(Entries taken from a collection)
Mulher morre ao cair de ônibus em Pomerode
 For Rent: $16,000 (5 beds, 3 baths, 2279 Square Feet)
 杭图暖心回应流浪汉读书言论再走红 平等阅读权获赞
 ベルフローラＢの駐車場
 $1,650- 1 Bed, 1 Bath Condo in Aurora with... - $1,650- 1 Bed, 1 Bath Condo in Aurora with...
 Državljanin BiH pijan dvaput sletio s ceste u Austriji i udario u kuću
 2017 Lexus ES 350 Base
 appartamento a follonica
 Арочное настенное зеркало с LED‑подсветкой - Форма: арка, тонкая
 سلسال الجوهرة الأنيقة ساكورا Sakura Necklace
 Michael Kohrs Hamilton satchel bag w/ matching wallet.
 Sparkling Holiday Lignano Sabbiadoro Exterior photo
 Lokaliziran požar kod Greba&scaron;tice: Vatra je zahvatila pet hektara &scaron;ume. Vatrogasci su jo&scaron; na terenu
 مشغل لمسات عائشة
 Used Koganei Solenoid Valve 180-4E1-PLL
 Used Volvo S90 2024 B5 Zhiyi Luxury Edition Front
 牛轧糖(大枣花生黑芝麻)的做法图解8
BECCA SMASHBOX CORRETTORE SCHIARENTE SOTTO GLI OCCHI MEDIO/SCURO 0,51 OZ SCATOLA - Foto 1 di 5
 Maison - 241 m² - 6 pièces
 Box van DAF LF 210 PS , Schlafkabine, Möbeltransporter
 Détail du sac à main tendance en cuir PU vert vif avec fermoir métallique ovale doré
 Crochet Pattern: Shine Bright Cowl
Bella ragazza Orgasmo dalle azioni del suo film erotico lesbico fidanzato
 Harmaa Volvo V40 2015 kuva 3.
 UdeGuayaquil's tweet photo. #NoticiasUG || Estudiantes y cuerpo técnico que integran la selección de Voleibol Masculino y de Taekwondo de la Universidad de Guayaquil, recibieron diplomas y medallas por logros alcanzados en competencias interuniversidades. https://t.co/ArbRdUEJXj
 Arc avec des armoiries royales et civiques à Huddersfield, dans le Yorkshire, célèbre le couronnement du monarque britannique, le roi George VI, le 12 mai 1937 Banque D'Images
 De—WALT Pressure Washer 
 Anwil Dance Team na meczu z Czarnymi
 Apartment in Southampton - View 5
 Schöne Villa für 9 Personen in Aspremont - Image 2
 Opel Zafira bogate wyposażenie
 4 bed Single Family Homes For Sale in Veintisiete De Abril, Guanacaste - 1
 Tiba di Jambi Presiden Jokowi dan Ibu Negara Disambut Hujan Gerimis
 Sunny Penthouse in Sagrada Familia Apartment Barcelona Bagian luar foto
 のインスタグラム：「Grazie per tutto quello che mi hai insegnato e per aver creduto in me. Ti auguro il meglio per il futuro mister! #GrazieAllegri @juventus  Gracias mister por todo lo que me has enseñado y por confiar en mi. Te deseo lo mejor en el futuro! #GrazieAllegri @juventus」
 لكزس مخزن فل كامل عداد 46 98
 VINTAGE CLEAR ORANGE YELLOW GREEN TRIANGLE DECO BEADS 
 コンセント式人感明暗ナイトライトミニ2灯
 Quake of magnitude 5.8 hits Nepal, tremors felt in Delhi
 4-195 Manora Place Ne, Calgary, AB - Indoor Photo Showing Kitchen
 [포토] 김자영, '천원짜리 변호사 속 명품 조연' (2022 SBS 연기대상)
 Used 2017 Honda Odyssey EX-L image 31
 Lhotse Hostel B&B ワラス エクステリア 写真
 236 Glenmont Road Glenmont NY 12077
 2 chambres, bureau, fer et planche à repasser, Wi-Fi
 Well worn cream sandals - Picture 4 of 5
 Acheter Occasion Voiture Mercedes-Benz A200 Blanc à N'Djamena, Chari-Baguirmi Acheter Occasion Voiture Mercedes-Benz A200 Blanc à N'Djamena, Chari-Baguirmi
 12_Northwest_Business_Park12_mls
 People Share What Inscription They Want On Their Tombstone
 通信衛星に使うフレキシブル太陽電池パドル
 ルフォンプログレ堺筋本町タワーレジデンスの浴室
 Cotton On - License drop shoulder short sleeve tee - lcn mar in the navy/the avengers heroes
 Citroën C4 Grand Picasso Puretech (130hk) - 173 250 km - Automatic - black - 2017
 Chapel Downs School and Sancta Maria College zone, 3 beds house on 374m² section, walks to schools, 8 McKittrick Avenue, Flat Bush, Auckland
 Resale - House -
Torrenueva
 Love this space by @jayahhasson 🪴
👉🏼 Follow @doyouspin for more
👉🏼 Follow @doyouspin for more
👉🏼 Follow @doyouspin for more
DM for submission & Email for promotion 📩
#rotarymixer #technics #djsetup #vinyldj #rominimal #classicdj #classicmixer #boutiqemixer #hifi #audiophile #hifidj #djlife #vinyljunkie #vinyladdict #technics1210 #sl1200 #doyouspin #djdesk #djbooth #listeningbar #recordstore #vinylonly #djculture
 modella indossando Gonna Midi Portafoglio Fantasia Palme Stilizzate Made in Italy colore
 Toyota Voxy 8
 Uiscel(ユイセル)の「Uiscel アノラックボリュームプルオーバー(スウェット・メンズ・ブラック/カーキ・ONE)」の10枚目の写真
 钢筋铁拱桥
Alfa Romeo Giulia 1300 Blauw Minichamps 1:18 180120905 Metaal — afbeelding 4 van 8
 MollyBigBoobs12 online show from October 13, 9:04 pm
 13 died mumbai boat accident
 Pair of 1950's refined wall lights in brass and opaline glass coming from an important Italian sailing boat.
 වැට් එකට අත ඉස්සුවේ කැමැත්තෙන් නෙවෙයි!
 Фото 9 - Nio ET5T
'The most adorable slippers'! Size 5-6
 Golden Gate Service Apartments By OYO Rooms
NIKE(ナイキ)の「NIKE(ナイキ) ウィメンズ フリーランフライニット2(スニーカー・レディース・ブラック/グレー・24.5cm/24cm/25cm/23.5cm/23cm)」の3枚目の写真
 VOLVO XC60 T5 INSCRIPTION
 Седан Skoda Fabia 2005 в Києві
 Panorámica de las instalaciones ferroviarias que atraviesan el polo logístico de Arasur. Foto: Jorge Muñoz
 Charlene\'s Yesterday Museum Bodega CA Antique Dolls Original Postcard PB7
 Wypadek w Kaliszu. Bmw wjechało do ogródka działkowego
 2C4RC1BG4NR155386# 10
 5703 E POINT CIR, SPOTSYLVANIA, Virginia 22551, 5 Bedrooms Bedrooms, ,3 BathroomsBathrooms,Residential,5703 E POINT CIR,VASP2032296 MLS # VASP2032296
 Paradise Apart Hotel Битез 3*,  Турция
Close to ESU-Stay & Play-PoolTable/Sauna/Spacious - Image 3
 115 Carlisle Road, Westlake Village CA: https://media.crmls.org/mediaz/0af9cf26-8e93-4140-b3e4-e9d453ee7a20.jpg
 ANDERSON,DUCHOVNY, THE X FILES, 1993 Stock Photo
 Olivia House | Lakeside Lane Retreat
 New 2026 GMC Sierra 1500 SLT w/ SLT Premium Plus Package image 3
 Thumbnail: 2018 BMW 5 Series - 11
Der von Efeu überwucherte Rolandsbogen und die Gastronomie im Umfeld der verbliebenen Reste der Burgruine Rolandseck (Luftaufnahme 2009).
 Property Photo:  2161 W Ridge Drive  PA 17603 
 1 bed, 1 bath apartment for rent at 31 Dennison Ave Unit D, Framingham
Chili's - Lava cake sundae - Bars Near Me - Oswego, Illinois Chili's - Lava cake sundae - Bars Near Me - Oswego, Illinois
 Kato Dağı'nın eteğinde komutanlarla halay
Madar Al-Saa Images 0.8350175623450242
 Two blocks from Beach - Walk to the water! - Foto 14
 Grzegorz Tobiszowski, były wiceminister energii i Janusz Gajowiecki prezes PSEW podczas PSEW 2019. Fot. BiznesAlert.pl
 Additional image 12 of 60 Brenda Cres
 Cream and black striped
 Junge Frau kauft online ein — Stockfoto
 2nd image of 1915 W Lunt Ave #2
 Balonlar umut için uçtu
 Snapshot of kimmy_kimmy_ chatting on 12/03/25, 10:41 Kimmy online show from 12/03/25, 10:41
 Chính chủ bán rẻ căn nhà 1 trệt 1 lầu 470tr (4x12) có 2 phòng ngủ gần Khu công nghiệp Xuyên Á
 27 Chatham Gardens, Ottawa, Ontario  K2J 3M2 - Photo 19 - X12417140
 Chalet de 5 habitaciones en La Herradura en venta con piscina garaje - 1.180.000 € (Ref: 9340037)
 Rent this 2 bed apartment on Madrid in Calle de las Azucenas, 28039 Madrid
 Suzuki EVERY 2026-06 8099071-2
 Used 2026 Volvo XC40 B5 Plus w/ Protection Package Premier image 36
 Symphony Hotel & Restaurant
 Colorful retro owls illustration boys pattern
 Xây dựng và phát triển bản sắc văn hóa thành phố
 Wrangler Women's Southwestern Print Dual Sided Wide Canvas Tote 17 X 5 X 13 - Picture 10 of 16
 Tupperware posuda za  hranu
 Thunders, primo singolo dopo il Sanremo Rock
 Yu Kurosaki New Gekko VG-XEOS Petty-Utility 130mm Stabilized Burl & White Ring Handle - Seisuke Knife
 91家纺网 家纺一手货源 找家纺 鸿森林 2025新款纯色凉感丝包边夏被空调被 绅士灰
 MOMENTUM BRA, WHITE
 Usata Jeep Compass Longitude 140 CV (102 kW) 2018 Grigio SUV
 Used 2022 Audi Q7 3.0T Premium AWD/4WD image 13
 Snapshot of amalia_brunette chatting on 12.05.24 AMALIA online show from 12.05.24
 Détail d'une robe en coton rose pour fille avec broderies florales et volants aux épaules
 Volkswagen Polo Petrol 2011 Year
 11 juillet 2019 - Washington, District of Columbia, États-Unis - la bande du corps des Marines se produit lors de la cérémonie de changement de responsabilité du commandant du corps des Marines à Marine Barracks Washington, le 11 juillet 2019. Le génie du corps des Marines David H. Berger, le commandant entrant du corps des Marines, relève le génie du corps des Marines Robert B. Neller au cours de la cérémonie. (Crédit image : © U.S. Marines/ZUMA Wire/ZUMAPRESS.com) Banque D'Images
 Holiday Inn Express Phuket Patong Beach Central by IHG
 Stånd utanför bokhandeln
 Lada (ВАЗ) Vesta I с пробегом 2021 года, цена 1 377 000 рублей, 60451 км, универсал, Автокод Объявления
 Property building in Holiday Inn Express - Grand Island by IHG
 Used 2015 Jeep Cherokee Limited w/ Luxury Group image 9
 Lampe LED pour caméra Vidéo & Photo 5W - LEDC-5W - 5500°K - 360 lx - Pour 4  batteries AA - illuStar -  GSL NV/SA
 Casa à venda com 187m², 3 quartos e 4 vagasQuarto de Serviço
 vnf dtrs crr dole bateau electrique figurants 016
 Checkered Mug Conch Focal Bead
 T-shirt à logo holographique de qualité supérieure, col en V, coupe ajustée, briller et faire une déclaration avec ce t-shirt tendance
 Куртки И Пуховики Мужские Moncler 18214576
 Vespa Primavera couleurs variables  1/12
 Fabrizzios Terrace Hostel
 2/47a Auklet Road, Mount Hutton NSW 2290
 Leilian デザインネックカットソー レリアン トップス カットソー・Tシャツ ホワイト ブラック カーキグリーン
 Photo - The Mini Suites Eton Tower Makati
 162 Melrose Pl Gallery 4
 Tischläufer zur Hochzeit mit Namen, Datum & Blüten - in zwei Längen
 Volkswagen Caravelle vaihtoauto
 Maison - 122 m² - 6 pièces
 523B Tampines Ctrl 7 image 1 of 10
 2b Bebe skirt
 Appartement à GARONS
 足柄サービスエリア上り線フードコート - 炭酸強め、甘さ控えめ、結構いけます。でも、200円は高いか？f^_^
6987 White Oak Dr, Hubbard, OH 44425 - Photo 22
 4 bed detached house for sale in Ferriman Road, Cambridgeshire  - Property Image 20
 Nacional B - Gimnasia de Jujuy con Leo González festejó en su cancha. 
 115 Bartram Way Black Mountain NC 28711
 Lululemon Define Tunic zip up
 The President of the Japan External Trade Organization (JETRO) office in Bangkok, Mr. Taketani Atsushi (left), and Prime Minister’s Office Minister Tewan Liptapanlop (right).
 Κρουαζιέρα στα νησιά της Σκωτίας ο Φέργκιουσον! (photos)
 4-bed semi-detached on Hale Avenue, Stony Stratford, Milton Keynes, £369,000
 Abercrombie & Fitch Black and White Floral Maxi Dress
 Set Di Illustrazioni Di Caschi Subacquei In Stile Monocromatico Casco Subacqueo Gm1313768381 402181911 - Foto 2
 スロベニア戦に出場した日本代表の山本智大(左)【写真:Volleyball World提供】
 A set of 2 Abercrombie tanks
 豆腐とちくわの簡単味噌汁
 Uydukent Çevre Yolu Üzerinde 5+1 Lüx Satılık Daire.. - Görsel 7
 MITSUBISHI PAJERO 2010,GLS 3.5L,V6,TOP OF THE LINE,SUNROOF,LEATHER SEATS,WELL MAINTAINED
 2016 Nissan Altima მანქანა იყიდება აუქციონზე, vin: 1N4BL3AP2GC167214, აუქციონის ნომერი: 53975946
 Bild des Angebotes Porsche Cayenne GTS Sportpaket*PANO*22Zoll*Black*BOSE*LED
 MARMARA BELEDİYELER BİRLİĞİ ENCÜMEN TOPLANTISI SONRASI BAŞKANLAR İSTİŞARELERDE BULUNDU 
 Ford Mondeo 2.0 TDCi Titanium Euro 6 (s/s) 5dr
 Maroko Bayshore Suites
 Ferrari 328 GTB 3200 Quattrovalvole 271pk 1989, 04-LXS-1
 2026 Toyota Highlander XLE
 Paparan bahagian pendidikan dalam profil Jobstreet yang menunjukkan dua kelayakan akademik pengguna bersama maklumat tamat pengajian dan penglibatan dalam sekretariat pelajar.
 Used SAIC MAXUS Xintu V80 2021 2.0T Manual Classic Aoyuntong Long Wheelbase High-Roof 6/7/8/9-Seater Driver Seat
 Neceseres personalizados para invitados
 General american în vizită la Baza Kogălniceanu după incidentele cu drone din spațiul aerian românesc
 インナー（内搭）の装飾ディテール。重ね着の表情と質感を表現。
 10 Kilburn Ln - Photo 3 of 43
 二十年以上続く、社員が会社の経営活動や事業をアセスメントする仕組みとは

→ **Work task**: In the entries above, the lines between the one holding "Symphony Hotel & Restaurant" and the one holding "Stånd utanför bokhandeln", inclusive, are to be printed exactly as written, and those alone.

→ **Expected answer**:
 Symphony Hotel & Restaurant
 Colorful retro owls illustration boys pattern
 Xây dựng và phát triển bản sắc văn hóa thành phố
 Wrangler Women's Southwestern Print Dual Sided Wide Canvas Tote 17 X 5 X 13 - Picture 10 of 16
 Tupperware posuda za  hranu
 Thunders, primo singolo dopo il Sanremo Rock
 Yu Kurosaki New Gekko VG-XEOS Petty-Utility 130mm Stabilized Burl & White Ring Handle - Seisuke Knife
 91家纺网 家纺一手货源 找家纺 鸿森林 2025新款纯色凉感丝包边夏被空调被 绅士灰
 MOMENTUM BRA, WHITE
 Usata Jeep Compass Longitude 140 CV (102 kW) 2018 Grigio SUV
 Used 2022 Audi Q7 3.0T Premium AWD/4WD image 13
 Snapshot of amalia_brunette chatting on 12.05.24 AMALIA online show from 12.05.24
 Détail d'une robe en coton rose pour fille avec broderies florales et volants aux épaules
 Volkswagen Polo Petrol 2011 Year
 11 juillet 2019 - Washington, District of Columbia, États-Unis - la bande du corps des Marines se produit lors de la cérémonie de changement de responsabilité du commandant du corps des Marines à Marine Barracks Washington, le 11 juillet 2019. Le génie du corps des Marines David H. Berger, le commandant entrant du corps des Marines, relève le génie du corps des Marines Robert B. Neller au cours de la cérémonie. (Crédit image : © U.S. Marines/ZUMA Wire/ZUMAPRESS.com) Banque D'Images
 Holiday Inn Express Phuket Patong Beach Central by IHG
 Stånd utanför bokhandeln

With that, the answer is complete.